*** Opening Information shown ***

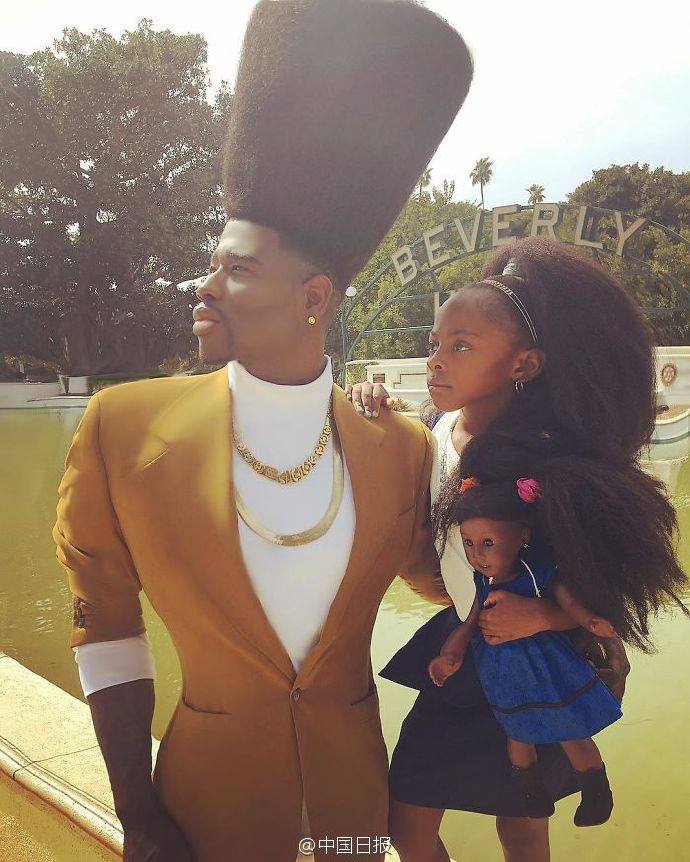 Frizzy father daughter duo turns into Internet hit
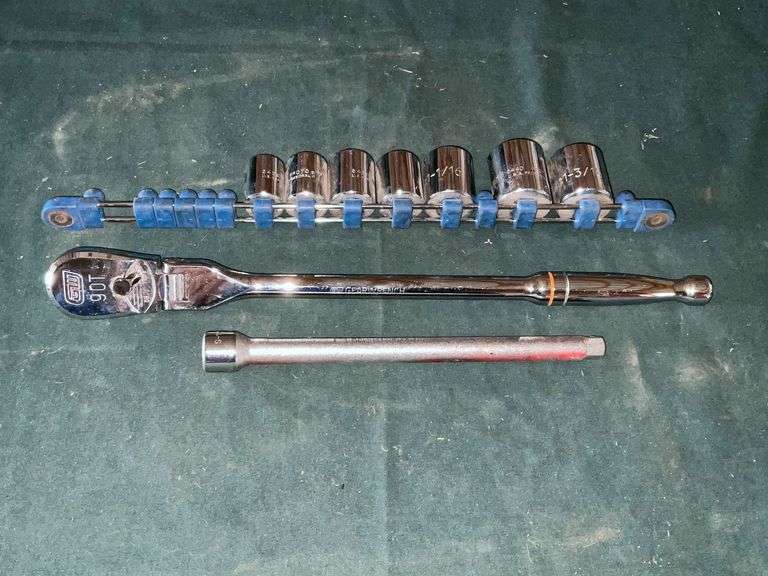 GearWrench 1/2" drive flex head 16" L ratchet image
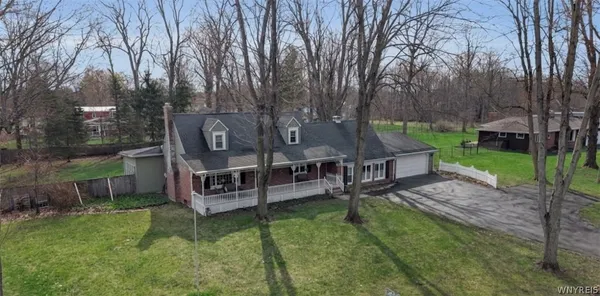 $449,000 | 4505 East Overlook Drive, Clarence, NY 14221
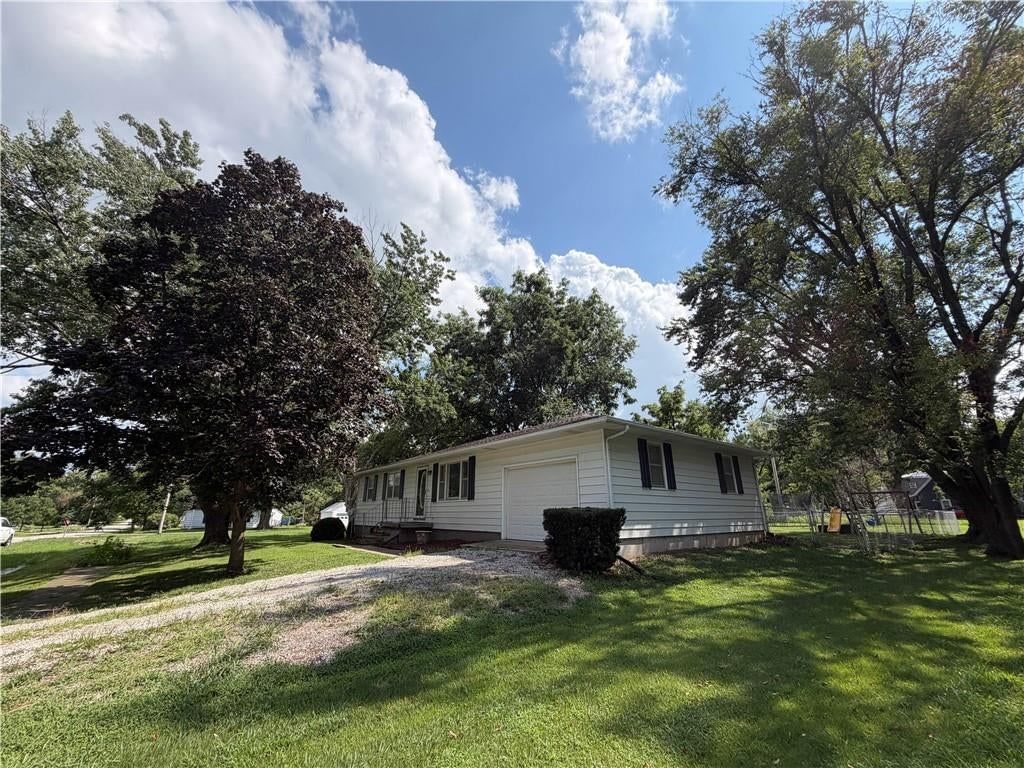 305 Fir Street — photo 5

*** Closing Information shown ***

** Work instructions **
Exact copy, no images: rewrite the entire listing above.

** Solved problem **
 Frizzy father daughter duo turns into Internet hit
 GearWrench 1/2" drive flex head 16" L ratchet image
 $449,000 | 4505 East Overlook Drive, Clarence, NY 14221
 305 Fir Street — photo 5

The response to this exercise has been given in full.